Task to complete |
All of the data below should be repeated exactly. Pictures should not be included.

Supplied information |
○ ○ ○

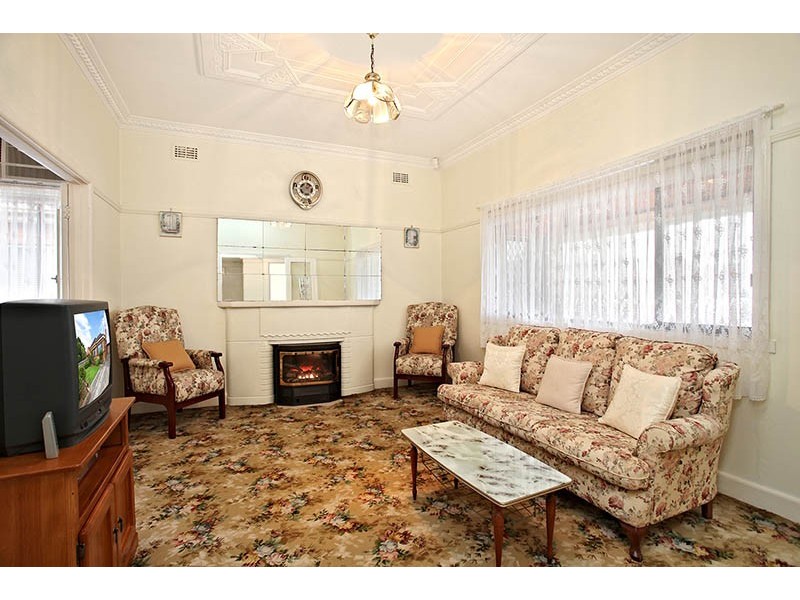 6 Dennis Street, Reservoir VIC 3073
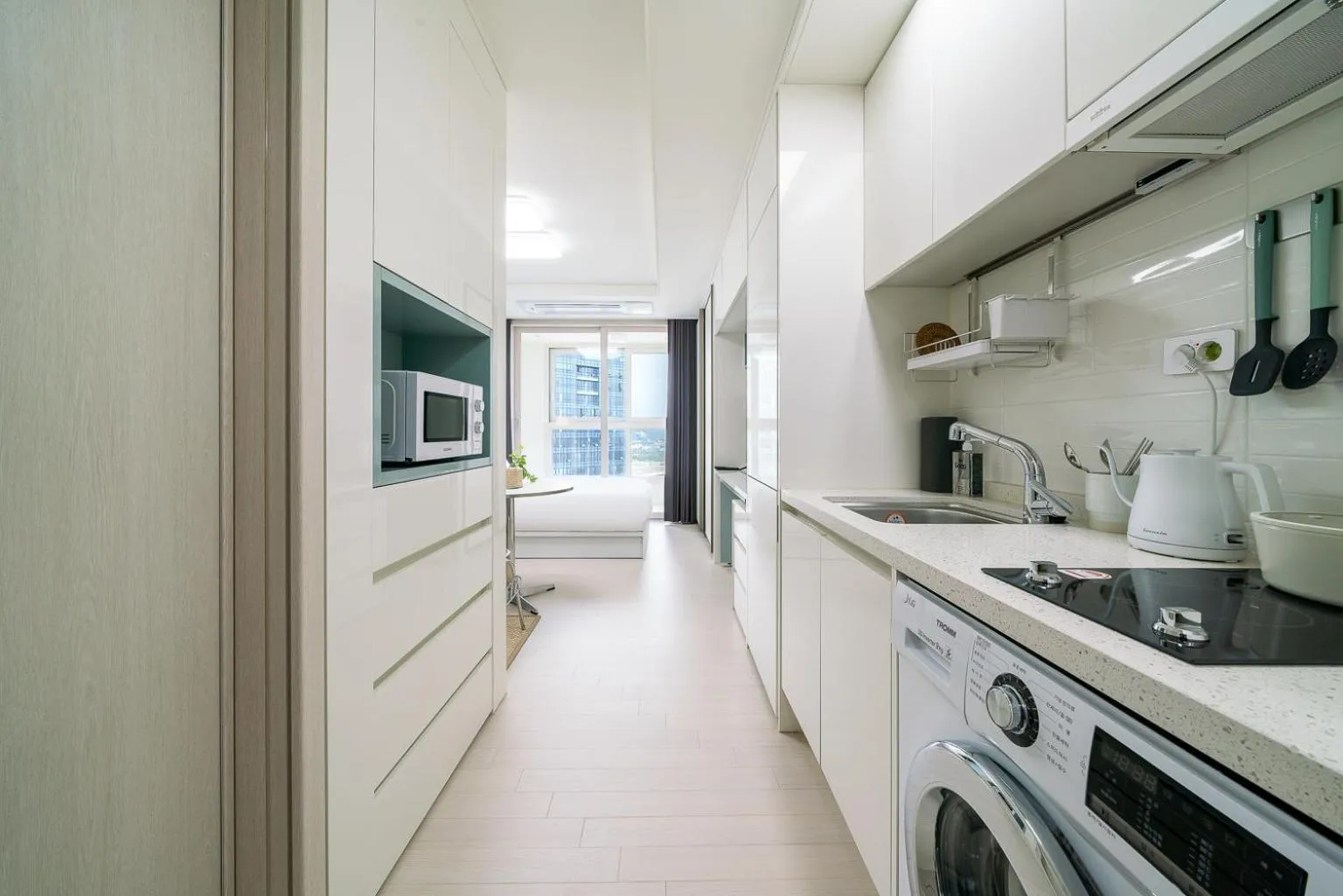 Kitchen or kitchenette in Urbanstay Songdo Moonlight Park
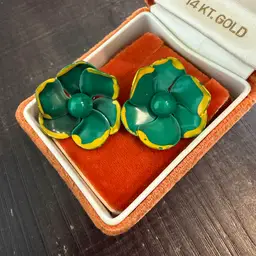 Vintage Green Flower Clip On Earrings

○ ○ ○

Result of this task |
 6 Dennis Street, Reservoir VIC 3073
 Kitchen or kitchenette in Urbanstay Songdo Moonlight Park
 Vintage Green Flower Clip On Earrings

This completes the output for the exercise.